All-ages show

White Bird Dance celebrates 15th anniversary downtown

“I’m a young 72,” said Lourdes Markley, a student at Portland State’s Senior Adult Learning Center, by way of introduction. Markley was taking a brief break during a practice for White Bird Dance’s performance of Sylvain Émard’s Le Grand Continental, which Markley and approximately 159 other nonprofessional community members will perform this Sunday at Pioneer Courthouse Square.

White Bird Dance celebrates 15th anniversary downtown

Daniel Johnston/Vanguard Staff

“I’m a young 72,” said Lourdes Markley, a student at Portland State’s Senior Adult Learning Center, by way of introduction. Markley was taking a brief break during a practice for White Bird Dance’s performance of Sylvain Émard’s Le Grand Continental, which Markley and approximately 159 other nonprofessional community members will perform this Sunday at Pioneer Courthouse Square.
Markley’s daughter had told her about the performance, and the septuagenarian’s interest was piqued for a reason echoed by most of the dancers present.

“It’s all ages and all races.”

Le Grand’s emphasis on a heterogeneous, nonprofessional dance group also attracted Paul King—who founded White Bird with Walter Jaffe and serves as the company’s president—to the project.

“We’re calling it a celebration of Portland’s diversity,” King said.

The Portland debut of Le Grand will also be a celebration of White Bird’s 15th anniversary.

In honor of the studio’s 15th year, “we wanted to do something special for the community,” King said. “It’s a ‘thank you’ from White Bird.”

Le Grand Continental is the brainchild of Sylvain Émard, a world-renowned Montreal choreographer. Though Émard usually choreographs routines for his much smaller professional dance company, Sylvain Émard Danse, Le Grand emerged from much humbler beginnings.

“I’ve always been fascinated by line dancing because that’s how I started dancing as a kid,” Émard said. “I wanted to do something with line dancing but to do it with ‘normal,’ nonprofessional people—the people who normally do line dancing.”

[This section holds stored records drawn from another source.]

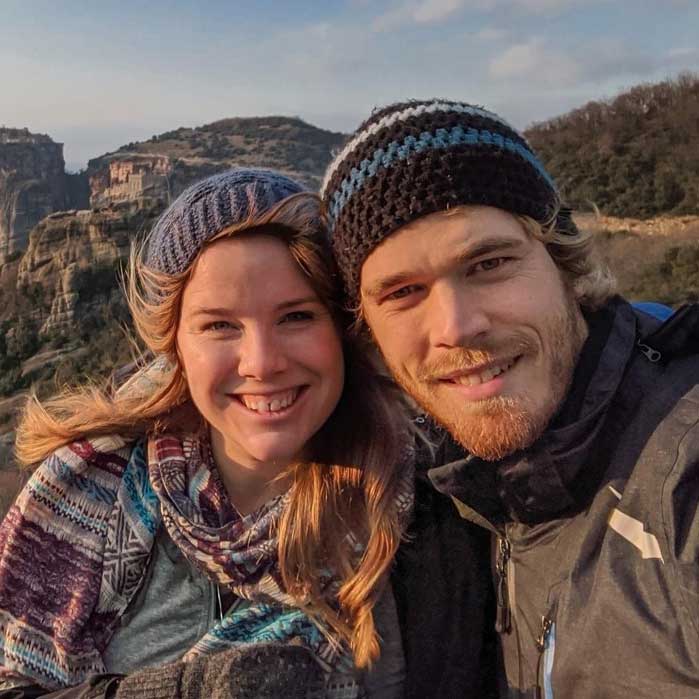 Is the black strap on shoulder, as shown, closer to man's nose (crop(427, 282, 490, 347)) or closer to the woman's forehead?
man's nose (crop(427, 282, 490, 347))

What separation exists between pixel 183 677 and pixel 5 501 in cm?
151

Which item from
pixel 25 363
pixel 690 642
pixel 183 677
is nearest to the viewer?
pixel 690 642

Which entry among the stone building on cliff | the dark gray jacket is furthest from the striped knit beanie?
the stone building on cliff

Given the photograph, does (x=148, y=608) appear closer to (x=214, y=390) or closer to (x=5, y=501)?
(x=214, y=390)

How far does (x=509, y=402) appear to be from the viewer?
1.79 meters

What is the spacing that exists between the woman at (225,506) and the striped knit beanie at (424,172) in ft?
0.66

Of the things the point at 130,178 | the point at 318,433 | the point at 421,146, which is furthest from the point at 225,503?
the point at 130,178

Approximately 80 nonprofessional dancers showed up at BodyVox in Northwest Portland on a recent Saturday afternoon to rehearse Émard’s intricate line dance. The two-hour session was a “movement clinic,” in dance parlance—a voluntary brush up for any dancer who wanted to refine his or her moves.

Daniel Johnston/Vanguard Staff

As the dancers rehearsed, Vipul Sagar sat nearby, watching the action from the sidelines.
Sagar was watching his “wife, kid, a neighbor and [the neighbor’s] whole family,” he said. “I know eight people in this.”

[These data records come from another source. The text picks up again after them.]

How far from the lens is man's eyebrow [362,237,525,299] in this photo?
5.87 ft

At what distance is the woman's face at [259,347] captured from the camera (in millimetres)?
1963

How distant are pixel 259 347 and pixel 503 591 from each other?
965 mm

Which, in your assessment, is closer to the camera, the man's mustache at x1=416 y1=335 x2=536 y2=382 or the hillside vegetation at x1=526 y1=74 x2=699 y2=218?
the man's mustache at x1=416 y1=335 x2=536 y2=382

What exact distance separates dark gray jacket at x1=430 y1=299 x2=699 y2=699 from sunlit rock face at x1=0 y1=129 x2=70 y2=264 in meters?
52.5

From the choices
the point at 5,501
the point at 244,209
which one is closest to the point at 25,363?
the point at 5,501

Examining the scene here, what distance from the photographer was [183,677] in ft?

Sagar wasn’t performing in Le Grand because “they practice too late for me,” he said. “They even go for ice cream afterwards.”

King also highlighted the heavy time commitment of the dancers involved.

“We’re going into our 10th week of rehearsals,” King said. The dancers had not only been attending mandatory biweekly rehearsals and the voluntary movement clinics; they also “have been organizing their own rehearsals,” King said.

“And videos,” Sagar interjected. His 10-year-old daughter—one of the event’s youngest participants—had been logging long hours practicing her dance moves to the videos provided online.

“If we could all be as good as the kids,” King said.

“They teach the mommies at home,” Sagar said.

As Sagar and King watched quietly from the edge of the practice space, Émard called for the dancers to take a short break—a break well earned after an hour of vigorous rehearsal.

One of the dancers relaxing during the break was Dr. Priya Kapoor, a PSU communications professor and one of four PSU professors dancing in the performance this weekend.

Kapoor has always loved dance, though with work, kids and the rest of life’s vagaries, she hasn’t danced regularly in nearly 10 years. “This was my way back into dance,” Kapoor said. “There’s a real acceptance of different age groups and cultures, and that attracted me.”

Kapoor had previously taken an African dance and a samba class at PSU and, along with some colleagues, hopes to revive the dance program at PSU. (Though a minor in dance is still available, the program has been cut drastically: The World Cultures and Dance Program, for example, offered courses in Latin and Afro-Cuban dance and was defunded in the fall of 2007 because of budget constraints.)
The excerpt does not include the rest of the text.